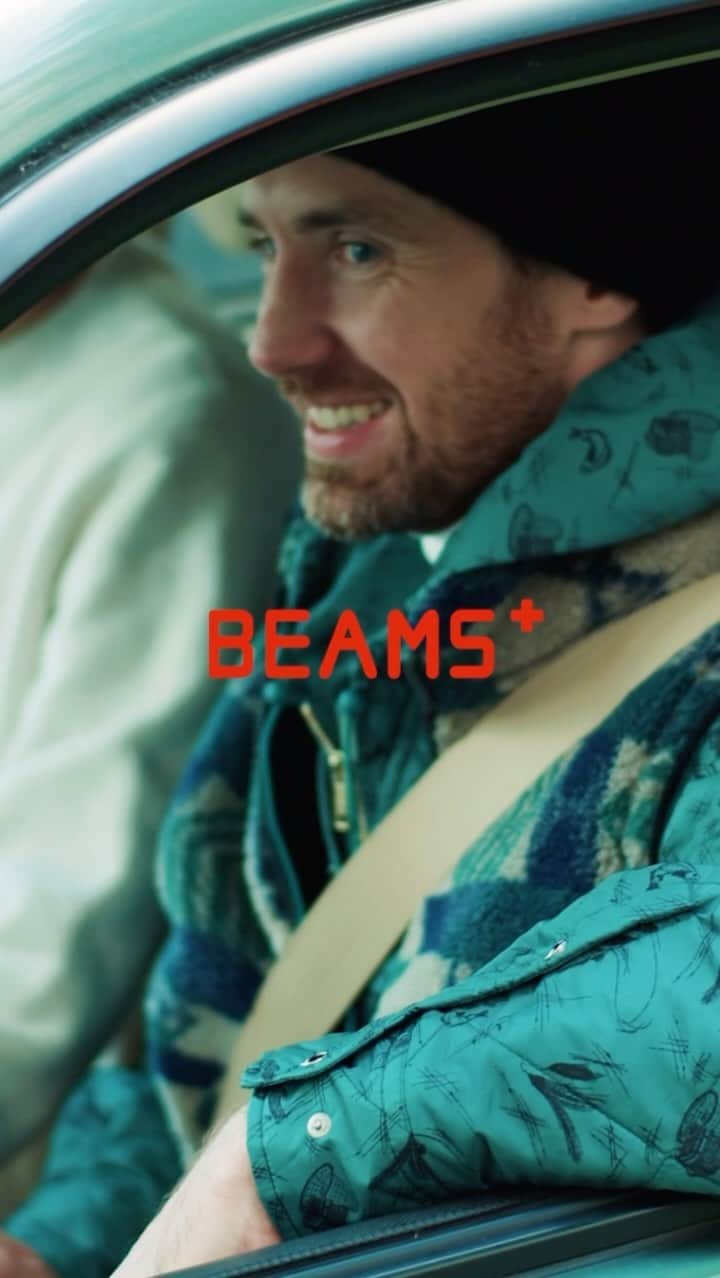 ビームスのインスタグラム：「… 『the season’s must and hidden style』  〈BEAMS PLUS〉が今シーズンおすすめするアイテム群を使ったLOOKコンテンツ。 シーズンLOOKの36体だけでは、表現し切れないアイテムも登場。今シーズンの注目アイテムを使いながら、新たにストーリーを吹き込み、コーディネートを作り込みました。 今回のテーマは、『SET-UP STYLE』。  ジャカードで仕上げたNativeパターンのボア素材。ジャケット、ベスト、パンツをラインナップ。アウトドアライクなアイテムでまとめた柄使いのコーディネート。ジャカードで細かな柄を表現しており、柔らかな肌触り、着心地を味わってもらえます。スポーティーなタウンユーススタイルから、リラックススタイルにぴったりな素材。  ——————————————————  The season we've been looking forward to for fall fashion has arrived. We're introducing the items you want to wear now, adding new stories and presenting coordinated outfits. The theme this time is "SET-UP STYLE”.  Native patterned boa material finished in jacquard. Jacket, vest, and pants lineup. Patterned coordinate with outdoor-like items. The detailed pattern is expressed in jacquard, giving you a soft and comfortable feel. This material is perfect for a sporty town use style or a relaxed style.  @beams_plus @beams_plus_harajuku @beams_plus_marunouchi #beamsplus」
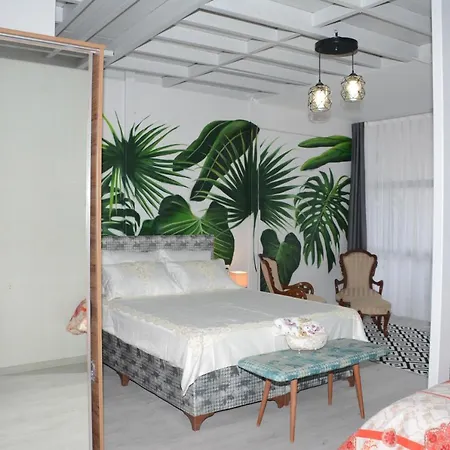 La Casa Hotel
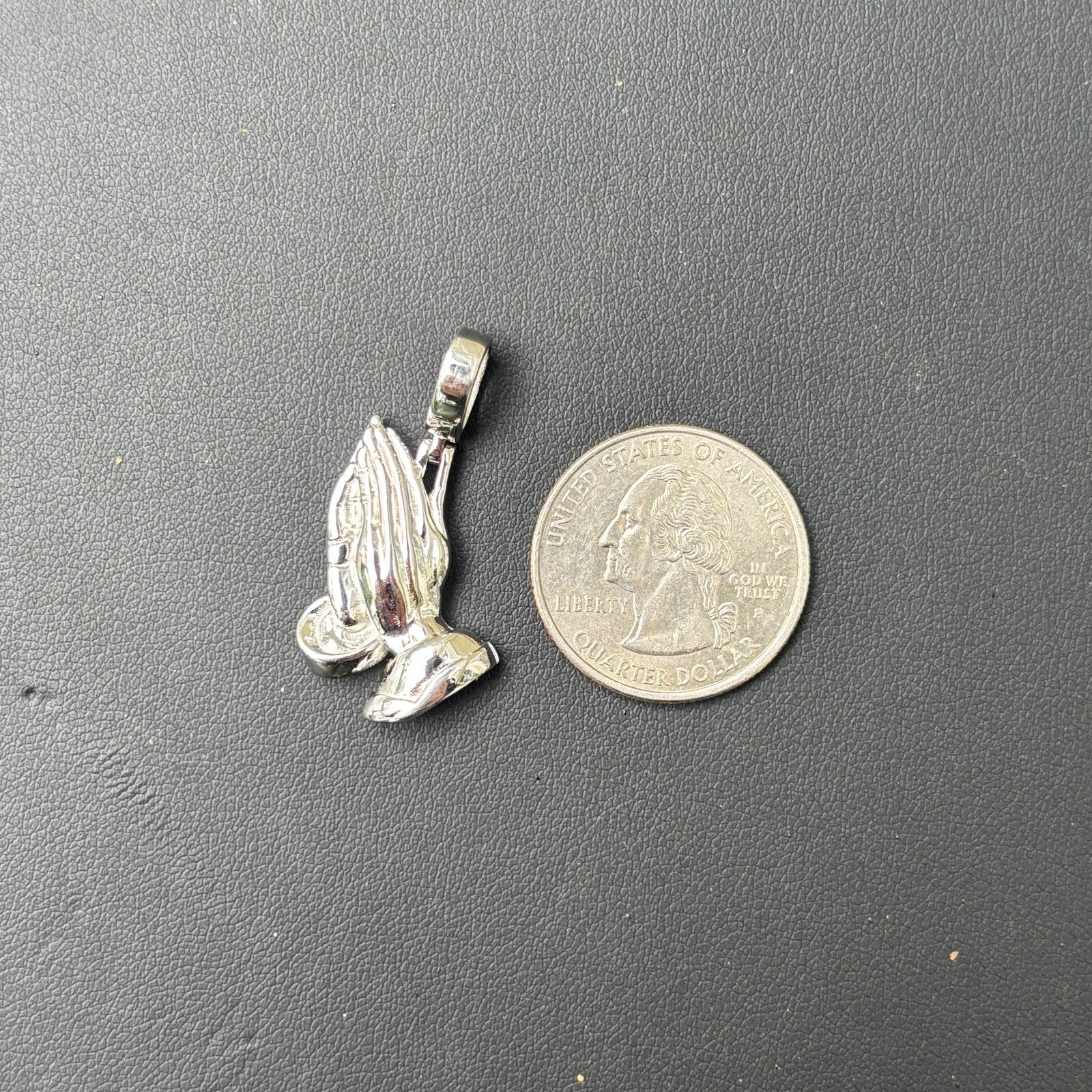 925 Sterling Silver Praying Hands Pendant - Small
______________________________
Ignoring the pictures, write out word for word only the lines from the one containing "La Casa Hotel" through the last line of the data, both ends included.

**Reply to the exercise**
 La Casa Hotel
 925 Sterling Silver Praying Hands Pendant - Small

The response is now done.